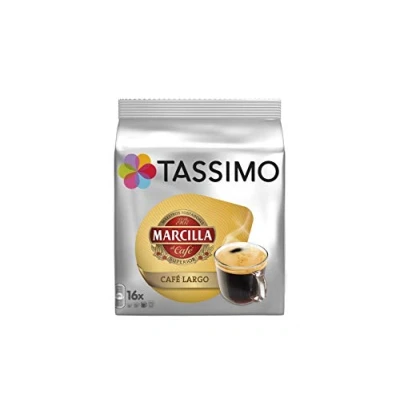 Image of Tassimo Marcilla Cafe Largo Large Desayuno Breakfast Coffee 16 Discs/Servings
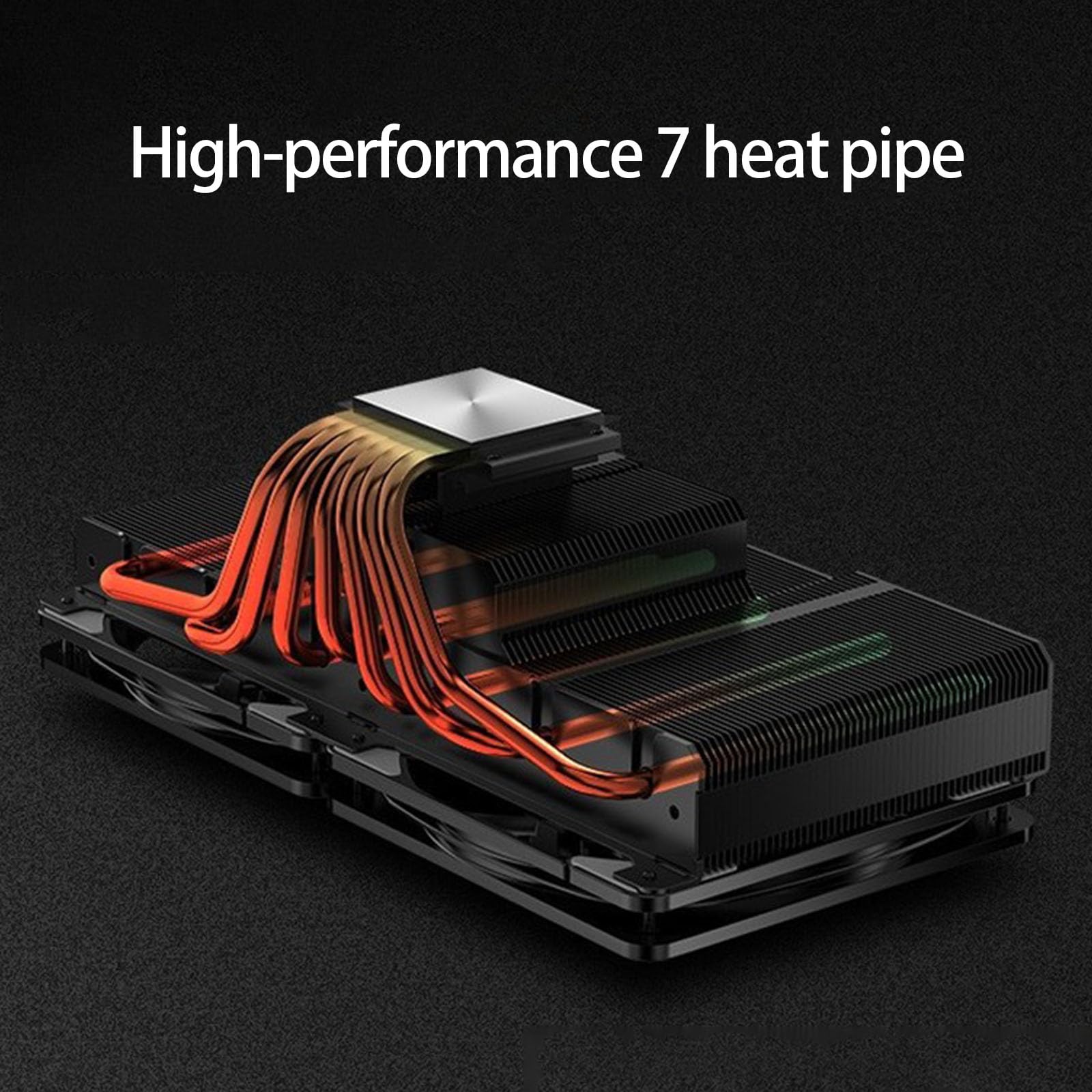 JF13K Top-Down CPU Chłodzenie powietrzem Miedziana podstawa 2 x 120 mm 7 Struktura rury cieplnej LGA1200 / AM4 / AM5 Radiator komputerowy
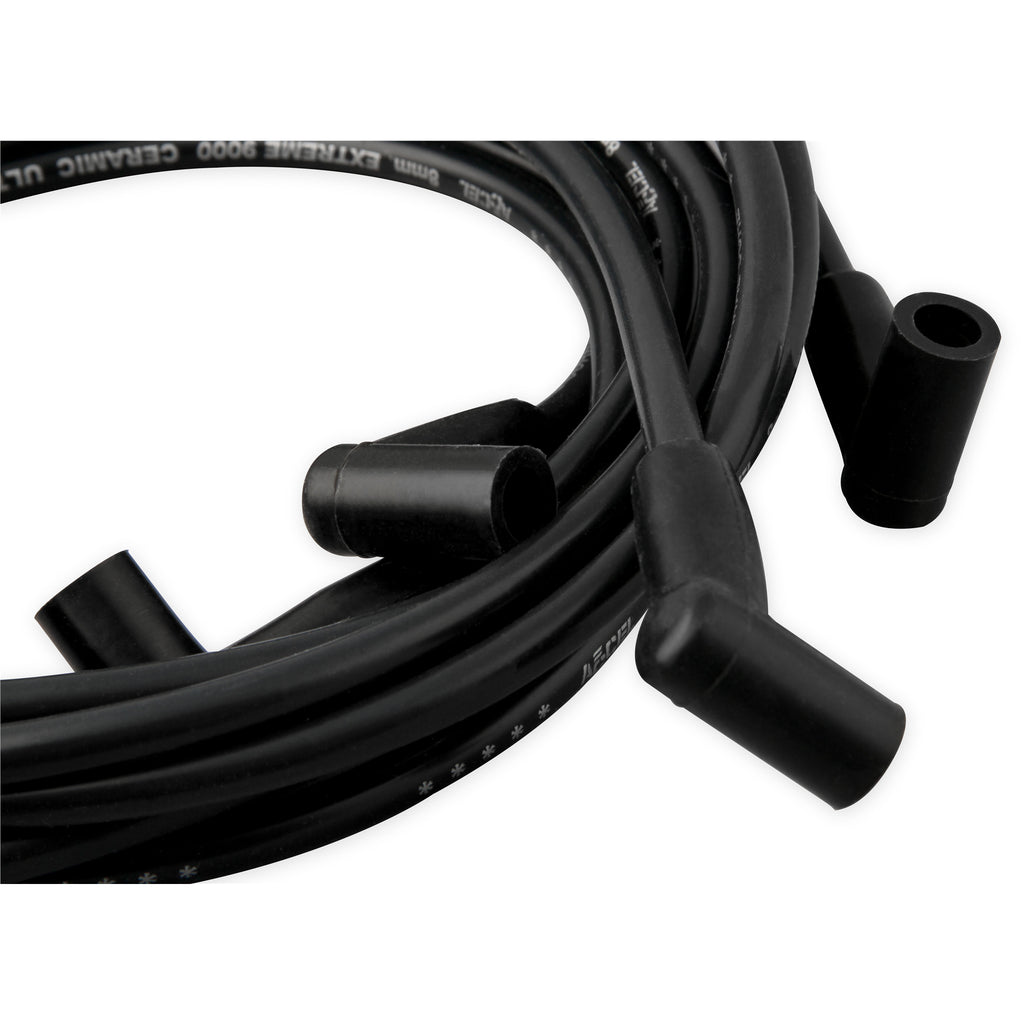 Spark-Plug-Wire-Set---Chevy-Small-Block-With-Hei-75-86-Wires-Under-Valve-Cover-Black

> TASK TO COMPLETE
Write the material out again exactly. Do not include the pictures.

> ANSWER TO THIS EXERCISE
 Image of Tassimo Marcilla Cafe Largo Large Desayuno Breakfast Coffee 16 Discs/Servings
 JF13K Top-Down CPU Chłodzenie powietrzem Miedziana podstawa 2 x 120 mm 7 Struktura rury cieplnej LGA1200 / AM4 / AM5 Radiator komputerowy
 Spark-Plug-Wire-Set---Chevy-Small-Block-With-Hei-75-86-Wires-Under-Valve-Cover-Black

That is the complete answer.